The BBC fightback to retain sole ownership of the licence fee has seen the corporation offer open access to the iPlayer and a new set of IPTV Standards, but only to its PSB compatriots. Julian Clover reports
The BBC Licence Fee is always looked upon with envious eyes by the commercial sector; particularly during a financial downturn of the sort we are currently experiencing. Aware of proposals for part of the licence fee to be apportioned to other broadcasters for public service content, a process known as top-slicing, the BBC has come up with a series of proposals that would assist its commercial competitors.
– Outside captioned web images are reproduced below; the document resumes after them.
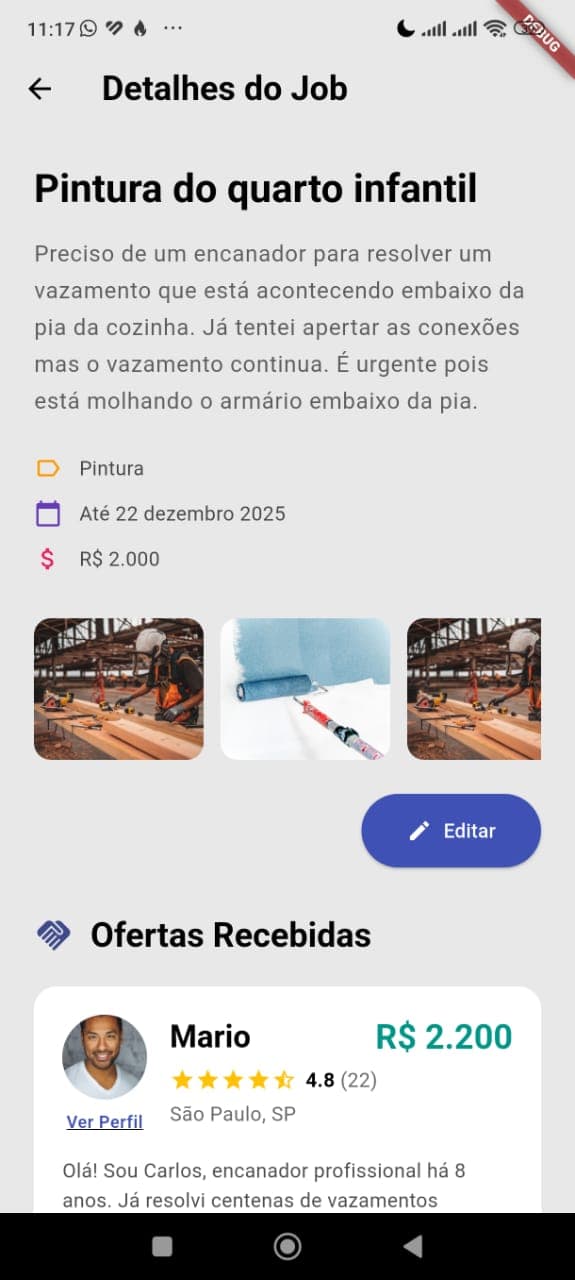 Chat e agendamento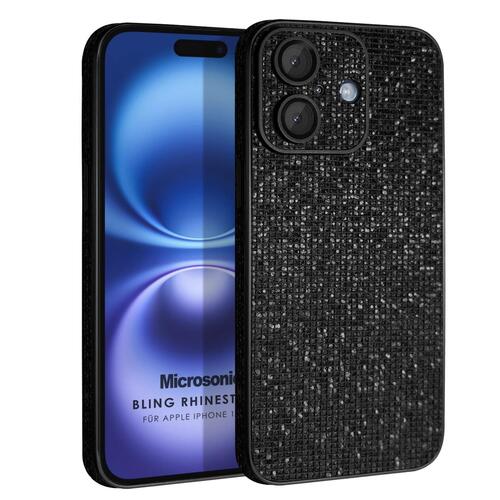 Microsonic Apple iPhone 17 Kılıf Bling Rhinestones Siyah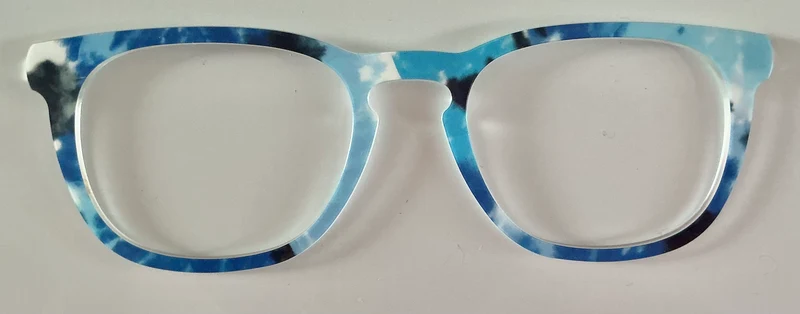 PAIR Twain Topper; blue toned tie dye
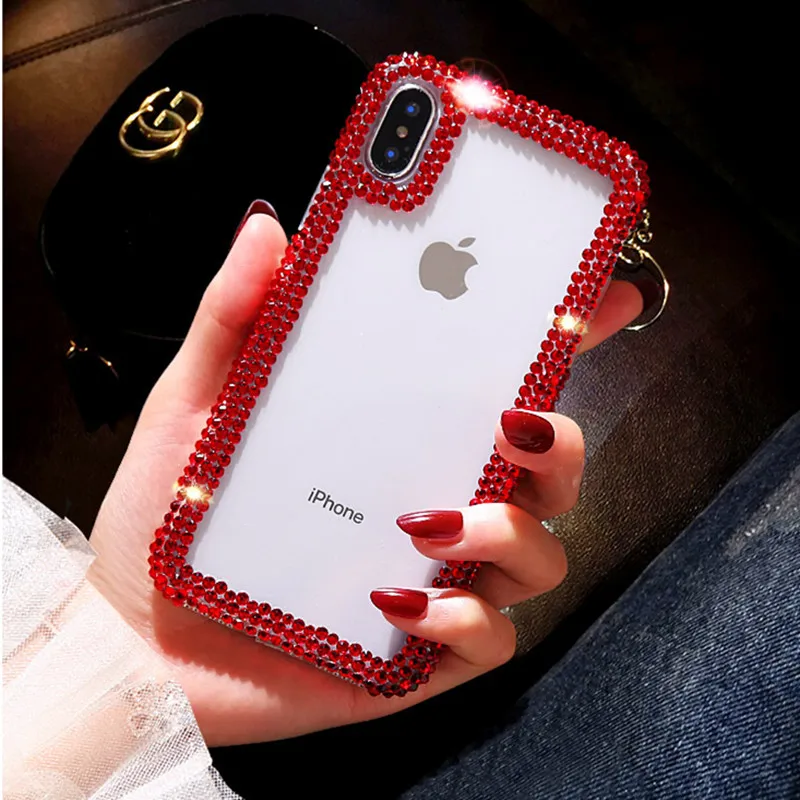 Роскошный чехол для телефона с кристаллами и бриллиантами iPhone11 Pro MAX X XS XR 6 6s 6plus 7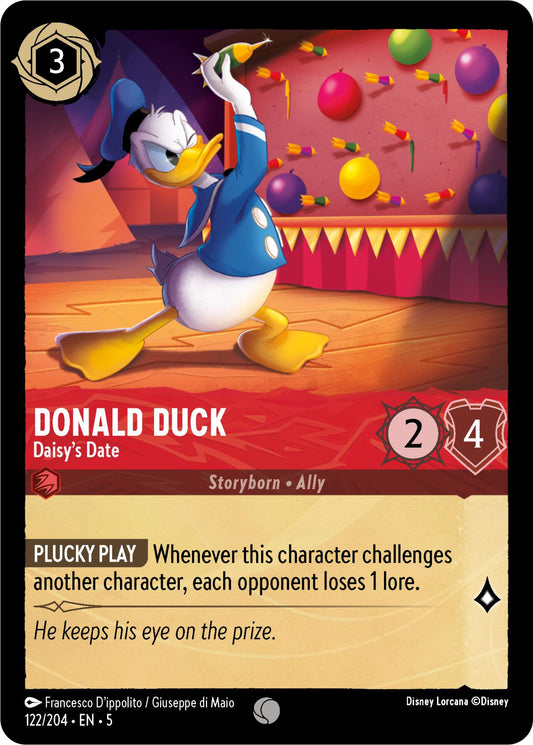 Disney Lorcana: Donald Duck - Daisy's Date card image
Part of the plan is the opening up of Project Canvas, the standards-based open environment for internet-connected television, which would enable on demand content to be delivered to UK households through a standard set-top box. This is the latest stage of the PSB fightback against the erosion of their market share by the multichannel, multiplatform broadcasters. Already the PSBs have been invited by Ofcom to tender for capacity set aside for HD transmissions, at no stage was the possibility of a Discovery or a Voom getting terrestrial HD capacity on the block, and even the deepest of pockets would balk at the possibility of buying the ‘valuable spectrum’ in the open market, particularly taking into account that even a slice of SD costs a handsome £10 million.
The BBC proposals would offer the iPlayer experience, itself also on offer to its PSB compatriots as part of a ‘federation of PSB services’, either as a single entity or individual iPlayer sections. This is not the end of Kangaroo, which strictly speaking is a commercial BBC Worldwide project, and to which the BBC says it remains committed.
The BBC is already working with ITV and BT to make a UK open standards IPTV environment a possibility. It would also be open to Channel 4, which has been somewhat sniffy about accepting the BBC’s largesse. The BBC has been open that part of the plan is to “protect the competitiveness of free-to-air platforms”, code for ‘not Sky then’.
But Sky has its own plans and the possibility of opening up Sky’s satellite delivered platform to take non-linear content must surely be closer than ever before, particularly with Sky making increasingly favourable noises about the purchase of Tiscali’s UK interests, to add to the former Easynet business that has made Sky a contender in the broadband space. Canal+ has already launched an IPTV-delivered on demand offer to its French audiences.
During the launch of Freesat BBC director-general Mark Thompson famously held up one of the shiny new boxes and pointed to where the IPTV connectivity would be. So we have a scenario where an on demand IPTV service is available to every UK household in varying levels of free and pay.